I don’t think it’s my own faith or prayer that has in anyway saved me…but it is the faith and prayer of others.

Don’t mistake me, I would never suggest that if we pray hard enough we can keep our loved ones from dying. There’s a difference between thinking we can be like God and seeing in retrospect the way God has used the prayers of others to help and save us. But just because we don’t get to decide the effect prayer has in the world does not mean that prayer has no effect in the world. And this week I keep thinking about how perhaps we are being held in prayer, protected by prayer, and loved through the prayers of others in ways we don’t even perceive.

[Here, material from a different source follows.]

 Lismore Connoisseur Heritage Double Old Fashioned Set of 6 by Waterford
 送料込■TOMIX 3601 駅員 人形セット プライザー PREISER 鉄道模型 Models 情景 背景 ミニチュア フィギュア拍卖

Prayer plays an interesting role in the divine jailbreak story we just heard from Acts, because it sort of feels like something out of a comic book – as if Paul and Silas have obtained superhero levels of faith. Superman can leap tall buildings in a single bound and Spiderman has heightened senses but Paul and Silas can cause earthquakes that free them from prison just by praying and singing hymns.

I really really really want to see myself in Paul and Silas kind of in the same way that I realy really want to see myself in Wonder Woman. I want to think of myself as having that kind of super-hero faith. The kind that, were I falsely accused, stripped of my clothing, severely beaten with rods, thrown into the depths of a first century jail cell and shackled, that I too would respond not by crying like a baby or being immobilized with fear and hatred but like Paul and Silas I would respond in the dark of night by praying and singing hymns. I’ve not been in that particular situation or anything vaguely like it and maybe in true hardship I would surprise myself, but given how I respond to even minor irritations, that super hero response feels unlikely.

Because if I’m honest I have to admit that if I pull a muscle and can’t work out for two weeks or even if I just run out of coffee at home, I lose faith.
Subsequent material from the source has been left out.